Nach Marseille und Nizza droht auch der französischen Hauptstadt die höchste Warnstufe. Am Montag entscheidet sich, ob die Pariser auf den Gang ins Bistro wieder verzichten müssen. Was die Behörden besonders umtreibt: Ein Drittel der Intensivbetten ist schon wieder belegt.

Wegen der weiter steigenden Corona-Infektionszahlen droht in Paris ab Montag die Ausrufung der höchsten Warnstufe. Damit könnten ab Wochenbeginn alle Bars geschlossen sowie zum Verzicht auf Familienfeiern aufgerufen werden, sagte Gesundheitsminister Olivier Véran in seinem wöchentlichen Lagebericht.
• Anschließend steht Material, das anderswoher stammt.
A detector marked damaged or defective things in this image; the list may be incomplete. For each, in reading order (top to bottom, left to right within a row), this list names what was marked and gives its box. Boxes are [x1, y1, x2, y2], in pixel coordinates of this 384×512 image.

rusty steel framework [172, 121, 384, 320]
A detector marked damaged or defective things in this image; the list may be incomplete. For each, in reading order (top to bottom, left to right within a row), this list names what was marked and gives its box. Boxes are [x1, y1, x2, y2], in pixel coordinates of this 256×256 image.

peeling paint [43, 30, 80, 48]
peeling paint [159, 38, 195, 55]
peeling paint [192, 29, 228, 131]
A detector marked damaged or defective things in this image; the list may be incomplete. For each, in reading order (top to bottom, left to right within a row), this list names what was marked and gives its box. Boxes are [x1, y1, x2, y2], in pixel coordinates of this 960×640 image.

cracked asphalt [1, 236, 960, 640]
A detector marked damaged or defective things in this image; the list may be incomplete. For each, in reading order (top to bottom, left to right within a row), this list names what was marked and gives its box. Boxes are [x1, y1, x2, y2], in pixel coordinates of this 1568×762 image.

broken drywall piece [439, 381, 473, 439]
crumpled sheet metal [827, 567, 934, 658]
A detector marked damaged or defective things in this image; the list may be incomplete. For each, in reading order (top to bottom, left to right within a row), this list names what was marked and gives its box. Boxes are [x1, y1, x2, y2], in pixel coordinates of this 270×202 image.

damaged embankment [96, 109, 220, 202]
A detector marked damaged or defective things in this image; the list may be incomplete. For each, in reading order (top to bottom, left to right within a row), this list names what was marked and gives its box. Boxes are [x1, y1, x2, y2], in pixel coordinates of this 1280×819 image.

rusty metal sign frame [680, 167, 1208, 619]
In ganz Frankreich wurden nach seinen Angaben erneut mehr als 15.000 Neuansteckungen innerhalb von 24 Stunden registriert - knapp unter dem Höchststand von mehr als 16.000 aus der vergangenen Woche.
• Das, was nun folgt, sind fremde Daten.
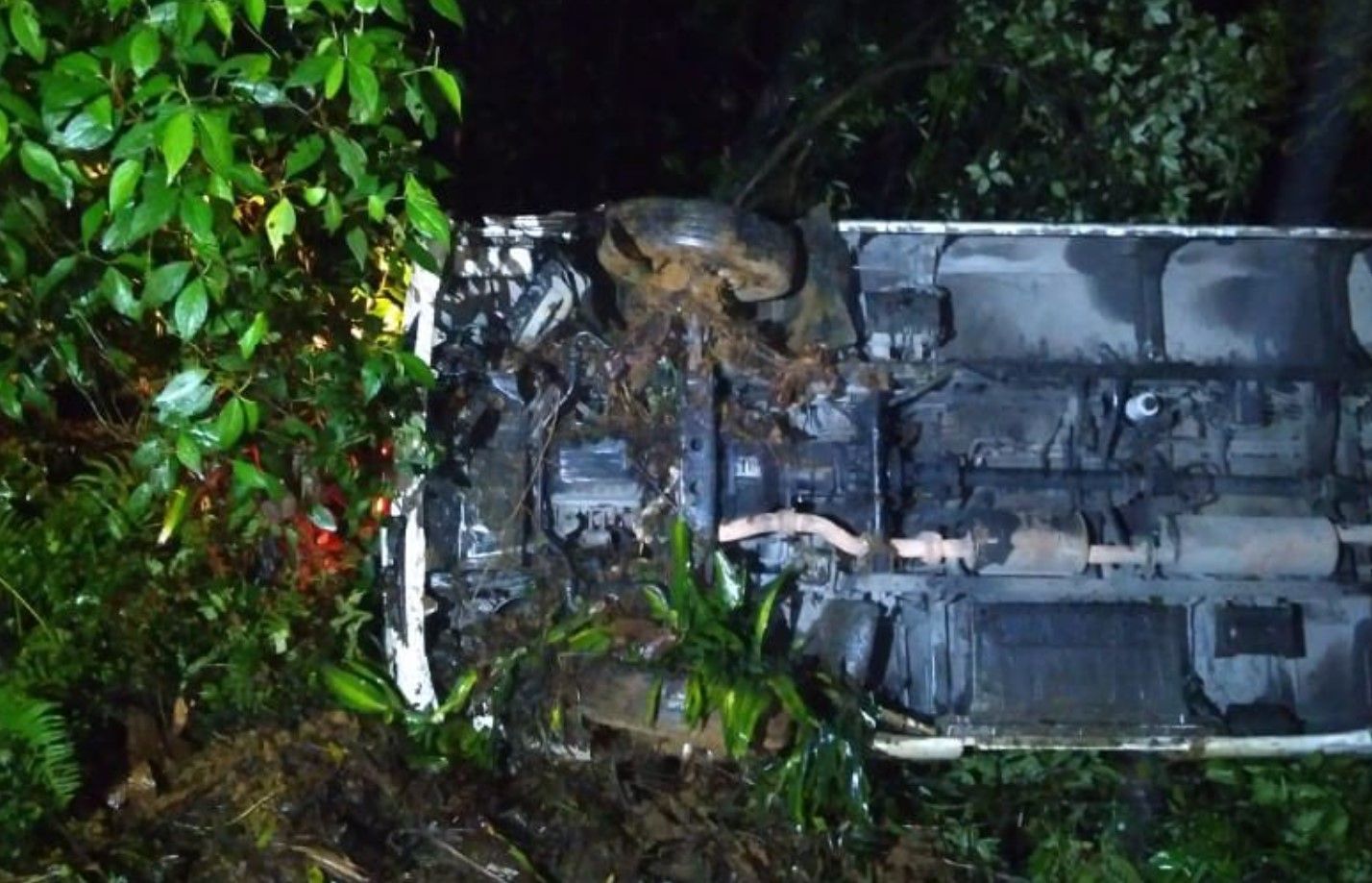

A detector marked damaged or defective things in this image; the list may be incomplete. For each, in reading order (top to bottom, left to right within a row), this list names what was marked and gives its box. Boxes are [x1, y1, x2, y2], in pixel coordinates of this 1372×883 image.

overturned vehicle [380, 201, 1372, 756]
burned metal surface [395, 203, 1372, 756]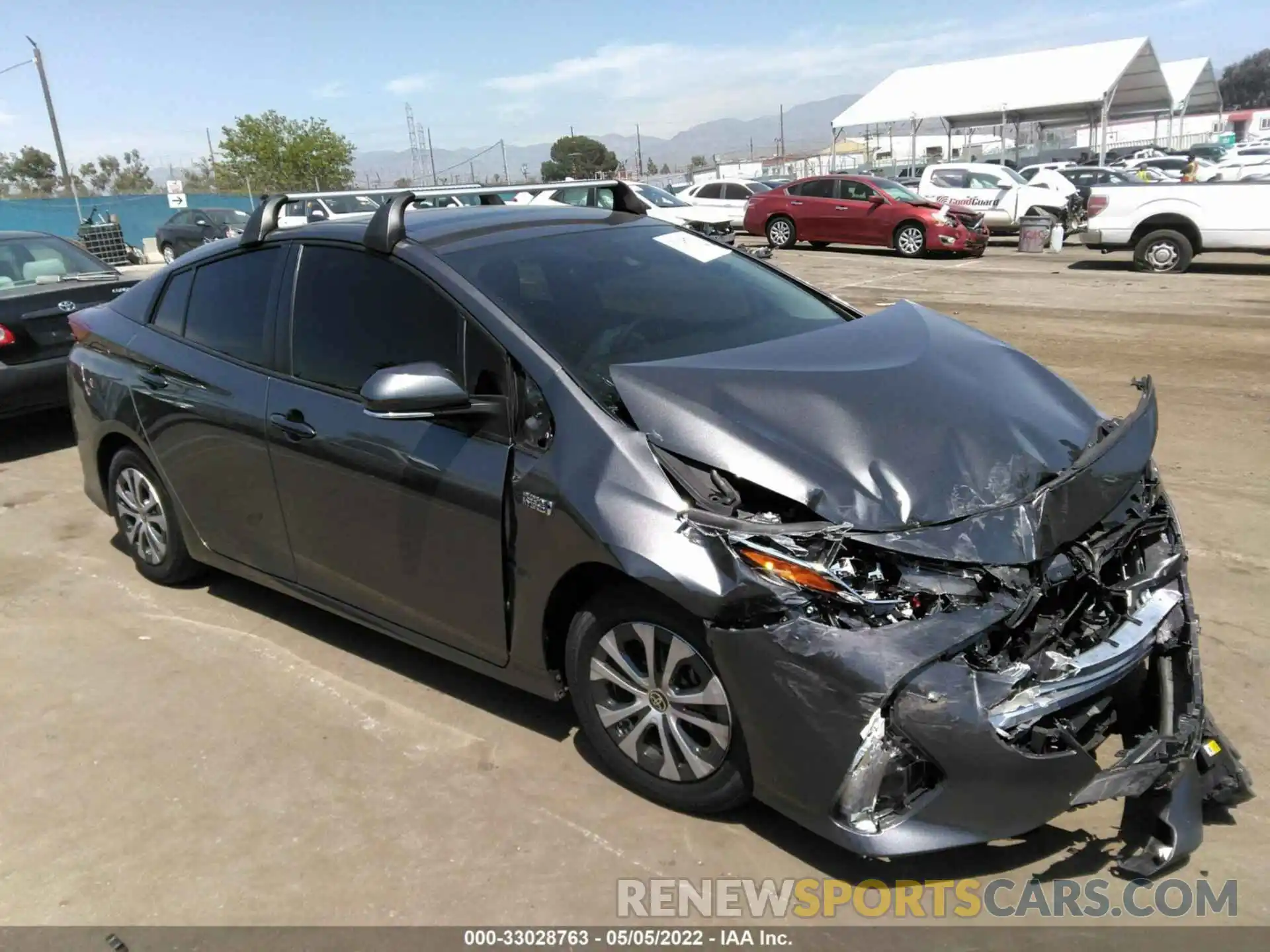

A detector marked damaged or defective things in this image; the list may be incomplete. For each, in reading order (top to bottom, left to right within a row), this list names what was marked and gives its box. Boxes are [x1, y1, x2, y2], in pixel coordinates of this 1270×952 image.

damaged toyota prius [72, 192, 1249, 878]
crumpled hood [611, 301, 1106, 532]
broken headlight [730, 539, 990, 629]
crushed front bumper [709, 569, 1254, 873]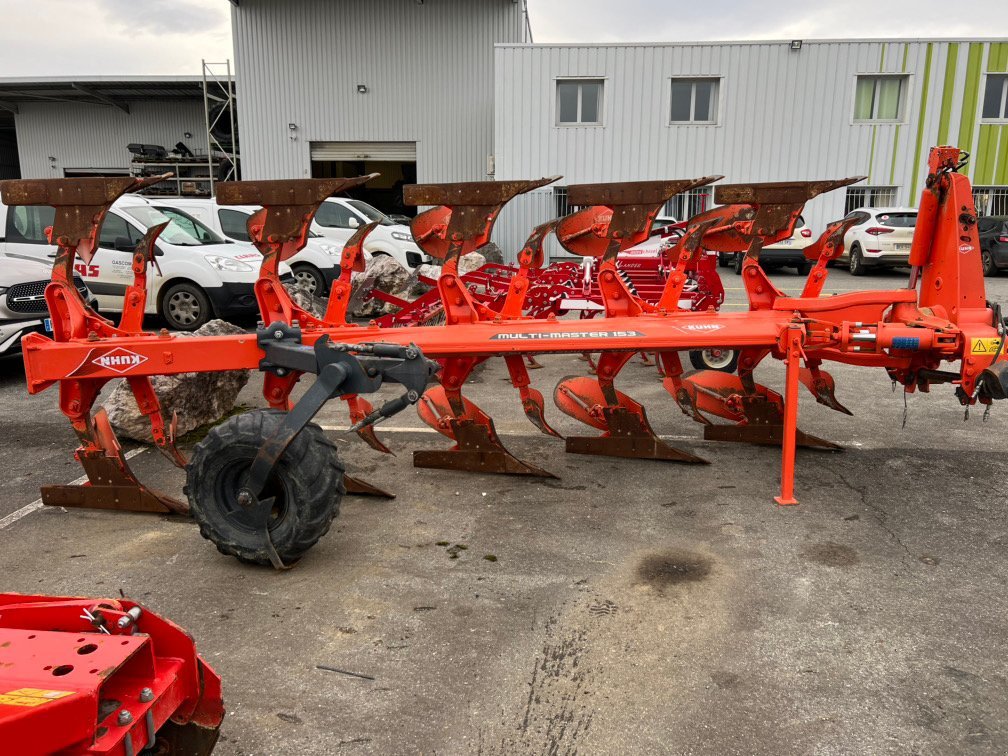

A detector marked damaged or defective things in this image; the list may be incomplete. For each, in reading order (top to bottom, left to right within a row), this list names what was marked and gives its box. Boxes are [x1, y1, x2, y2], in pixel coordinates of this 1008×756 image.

rusty plow blade [40, 411, 189, 520]
rusty plow blade [409, 387, 556, 475]
rusty plow blade [552, 376, 709, 465]
rusty plow blade [685, 370, 842, 449]
rusty plow blade [802, 364, 850, 415]
cracked concrete surface [1, 270, 1008, 753]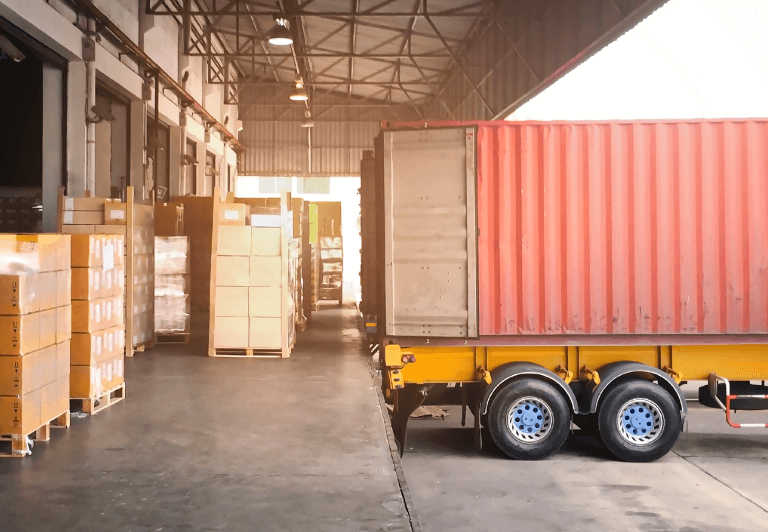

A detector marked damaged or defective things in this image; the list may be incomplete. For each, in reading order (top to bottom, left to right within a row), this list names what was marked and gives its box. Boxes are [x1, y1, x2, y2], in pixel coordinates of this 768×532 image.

rusty stain on container [468, 121, 768, 336]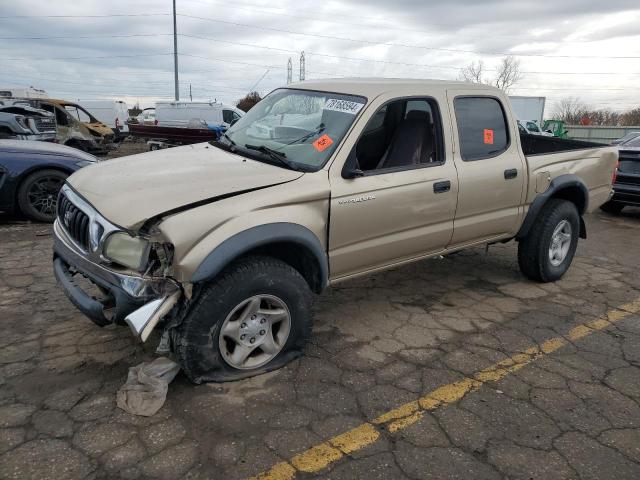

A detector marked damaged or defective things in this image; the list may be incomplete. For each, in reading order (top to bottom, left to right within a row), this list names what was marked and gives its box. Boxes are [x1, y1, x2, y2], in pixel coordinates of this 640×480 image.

damaged hood [67, 142, 304, 230]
In Paris sind nach Angaben des Ministers alle drei Kriterien für die höchste Corona-Warnstufe erfüllt: Die Zahl der Neuansteckungen liegt mit 263 pro 100.000 Einwohner über der kritischen Marke von 250 Fällen; unter älteren Menschen liegt sie mit 105 über der Warnstufe von 100. Auch das dritte Kriterium einer 30-prozentigen Auslastung der Intensivbetten in den Krankenhäusern ist erfüllt. Wenn sich die Entwicklung in den kommenden Tagen bestätige, habe die Regierung "keine andere Wahl, für Paris und seine direkte Umgebung ab Montag die höchste Warnstufe auszurufen", sagte Véran.

Sorge bereitet den Behörden vor allem die steigende Zahl der Einweisungen auf Intensivstationen: Landesweit wurden innerhalb einer Woche 815 Patienten neu aufgenommen. Damit liegen derzeit in Frankreich fast 1200 Menschen auf Notfallstationen, auf dem Höhepunkt der Pandemie im Frühjahr waren es rund 7500.
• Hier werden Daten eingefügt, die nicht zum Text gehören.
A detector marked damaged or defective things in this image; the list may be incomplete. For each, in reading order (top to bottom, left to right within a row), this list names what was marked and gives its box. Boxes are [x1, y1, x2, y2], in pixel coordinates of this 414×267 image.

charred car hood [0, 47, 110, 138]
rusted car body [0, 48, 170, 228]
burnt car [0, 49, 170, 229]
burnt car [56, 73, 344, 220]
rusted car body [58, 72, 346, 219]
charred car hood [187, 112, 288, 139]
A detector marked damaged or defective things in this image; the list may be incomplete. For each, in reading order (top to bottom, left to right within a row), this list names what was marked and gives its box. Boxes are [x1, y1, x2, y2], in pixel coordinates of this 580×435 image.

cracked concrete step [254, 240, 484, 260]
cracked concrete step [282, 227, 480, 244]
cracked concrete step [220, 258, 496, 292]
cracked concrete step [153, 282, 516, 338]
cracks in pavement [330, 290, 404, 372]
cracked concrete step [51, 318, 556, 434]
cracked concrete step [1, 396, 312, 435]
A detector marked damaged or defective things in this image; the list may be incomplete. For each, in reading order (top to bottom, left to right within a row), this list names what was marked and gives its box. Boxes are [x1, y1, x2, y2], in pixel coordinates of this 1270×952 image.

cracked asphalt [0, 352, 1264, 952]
Nach Barschließungen: Marseille kämpft für Wiederöffnung

"Zeichen der Hoffnung" gebe es dagegen in anderen Corona-Hotspots wie Marseille, Nizza und Bordeaux, sagte Gesundheitsminister Véran. Im Ballungsraum von Marseille gilt bereits seit fast einer Woche die höchste Warnstufe, dort mussten unter anderem alle Restaurants und Bars schließen. Nach Diskussionen mit Gastwirten könnte die Regierung in den kommenden Tagen allerdings die Wiedereröffnung der Restaurants erlauben. Zur Bedingung machte Véran deutlich strengere Hygiene-Vorschriften.

*Datenschutz

In Frankreich sollen in Kürze klinische Tests für einen Corona-Impfstoff beginnen. Dafür suchen die Behörden derzeit 25.000 Freiwillige. Mit fast 32.000 Todesfällen ist Frankreich nach absoluten Zahlen eines der am stärksten von der Pandemie betroffenen Länder Europas.